* **What you are asked to do**: Leave out the pictures, and print exactly the lines from the one holding "2017 Acura Rdx" through the last line of the material.

::: Data section :::

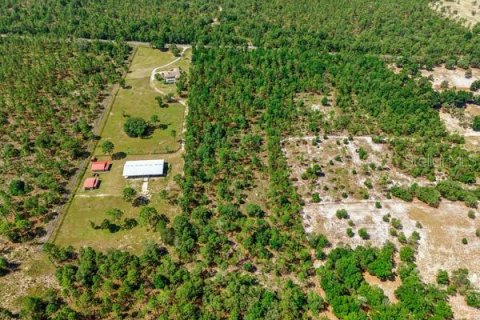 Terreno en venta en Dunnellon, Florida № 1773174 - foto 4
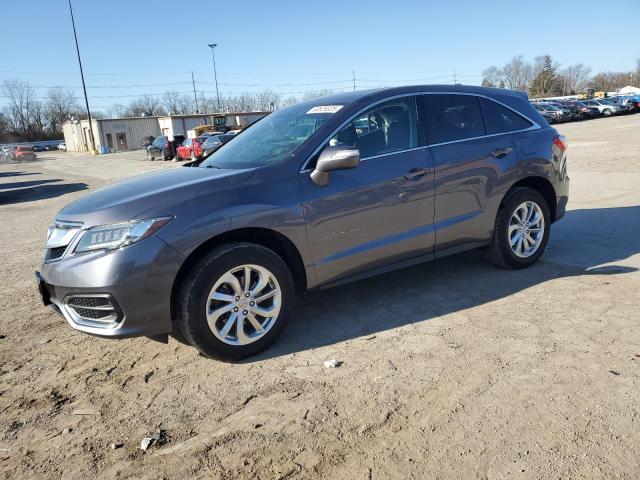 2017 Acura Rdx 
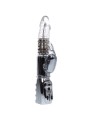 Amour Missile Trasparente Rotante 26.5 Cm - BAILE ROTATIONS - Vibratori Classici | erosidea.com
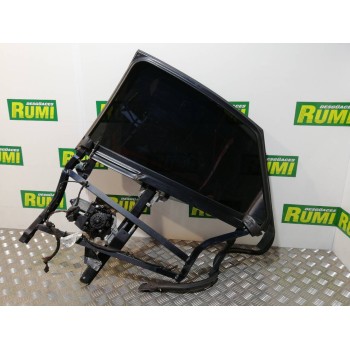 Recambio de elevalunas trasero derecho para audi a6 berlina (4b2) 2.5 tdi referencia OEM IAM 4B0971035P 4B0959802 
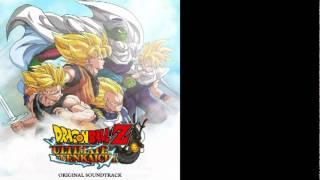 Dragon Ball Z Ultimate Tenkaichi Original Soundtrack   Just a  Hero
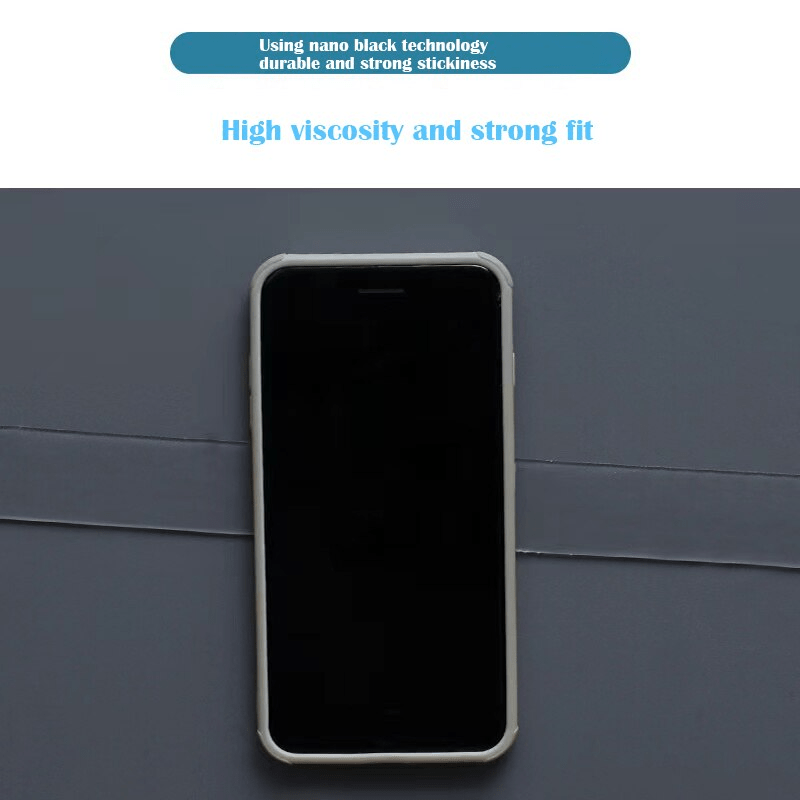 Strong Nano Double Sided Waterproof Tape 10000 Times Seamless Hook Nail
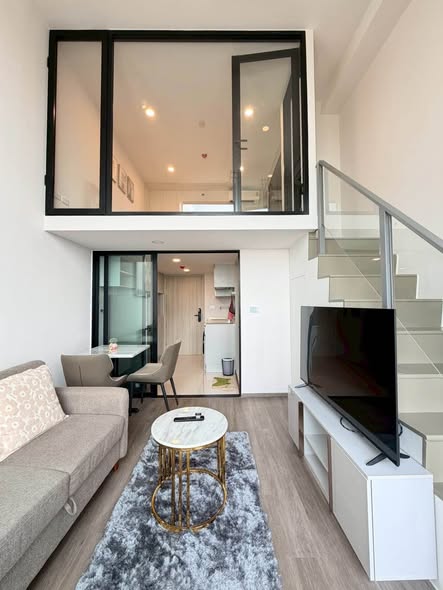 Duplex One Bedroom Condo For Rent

:::

* **Reply to the exercise**:
 2017 Acura Rdx 
 Amour Missile Trasparente Rotante 26.5 Cm - BAILE ROTATIONS - Vibratori Classici | erosidea.com
 Recambio de elevalunas trasero derecho para audi a6 berlina (4b2) 2.5 tdi referencia OEM IAM 4B0971035P 4B0959802 
 Dragon Ball Z Ultimate Tenkaichi Original Soundtrack   Just a  Hero
 Strong Nano Double Sided Waterproof Tape 10000 Times Seamless Hook Nail
 Duplex One Bedroom Condo For Rent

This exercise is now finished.